Le 2 Novembre 2021, par La rédaction

Les banques s'enrichissent sur le dos des défunts, accuse l'UFC-Que Choisir. Les frais bancaires de succession seraient en effet une manne pour les banques, qui facturent des prestations échappant à toute logique économique.


Du simple au quadruple

Les banques prélèvent des frais bancaires de succession d'un montant de 233 euros en moyenne, a calculé l'UFC-Que Choisir. Un montant sans commune mesure avec ce qui se pratique ailleurs en Europe (80 euros en Espagne, 107 euros en Belgique), tandis qu'en Allemagne ces frais ont tout simplement été déclarés illégaux. L'association de consommateurs a étudié les brochures tarifaires de 21 banques pour évaluer le montant prélevé au moment de la clôture du dépôt du défunt.

Ces frais couvrent la gestion des mouvements post-mortem sur le compte, l'inventaire des fonds ou encore la réception de l'acte de décès. L'UFC-Que Choisir a pris en compte un héritage type d'un montant de 20.000 euros, sachant que 66% des héritages sont inférieurs à 30.000 euros. Les frais varient du simple au quadruple : 120 euros au Crédit Mutuel Centre Est Europe, contre 527 euros au LCL. Des disparités qui ne correspondent à aucune logique économique, accuse l'association.

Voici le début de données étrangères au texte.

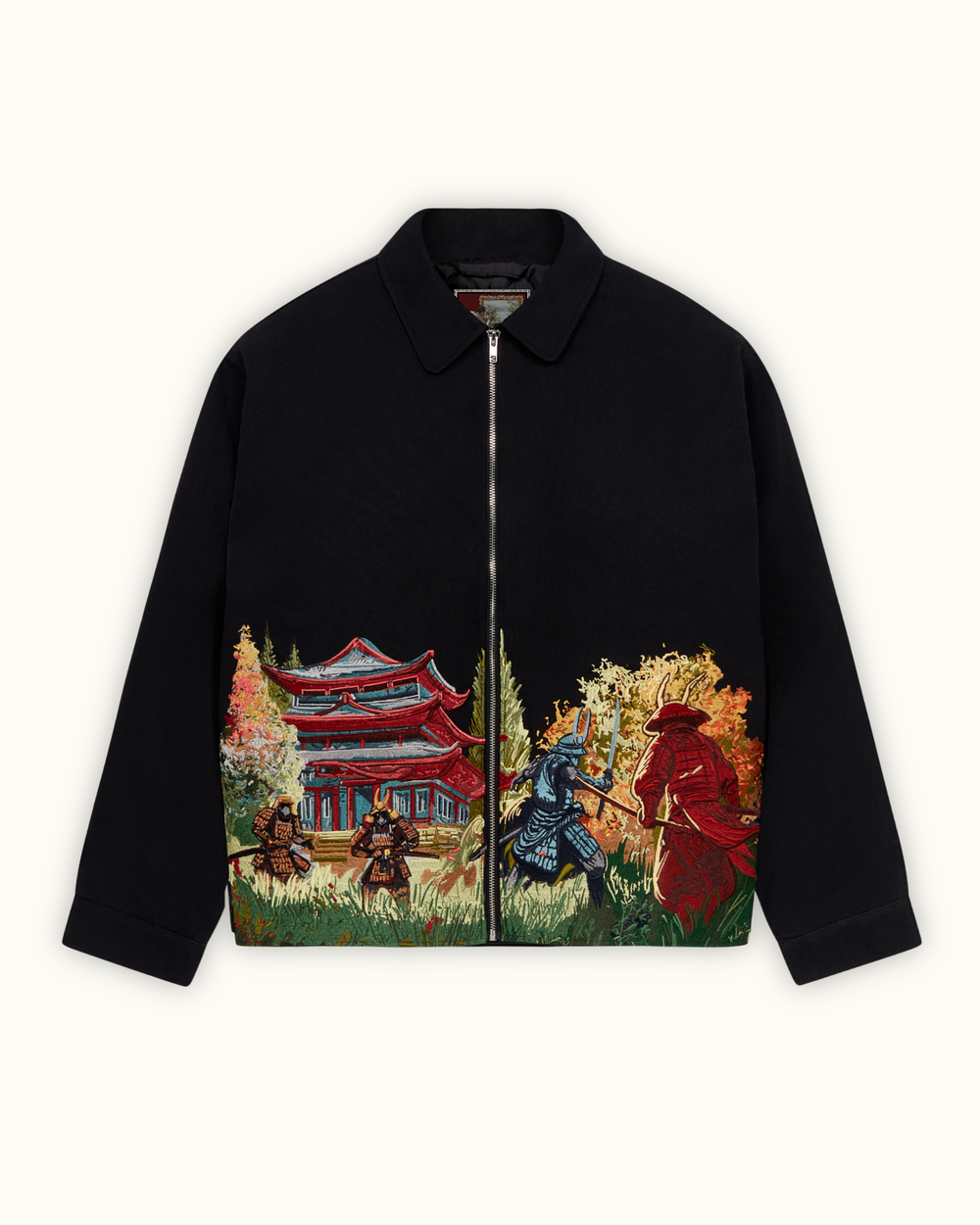 Rest Day Mood — Ronin Jacket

Encadrement ou plafonnement

Globalement, les frais ont augmenté de 28% depuis 2012, c'est trois fois plus que l'inflation sur la même période. C'est bien pire chez BNP Paribas, qui a fait augmenter ses frais bancaires de succession de… 263% ! Et ce n'est pas tout. Si les héritiers possèdent des comptes dans d'autres banques, l'établissement du défunt peut facturer des services « à prix d'or », comme les virements qui reviennent à 145 €. Un service « habituellement gratuit pour les vivants », relève l'UFC-Que Choisir…

L'association ne demande pas, comme en Allemagne, l'interdiction pure et simple de ces frais bancaires. Mais elle appelle les pouvoirs publics à légiférer en les encadrant strictement, ou, a minima, en imposant un plafond à un niveau couvrant réellement les coûts supportés par les banques dans ce genre de cas.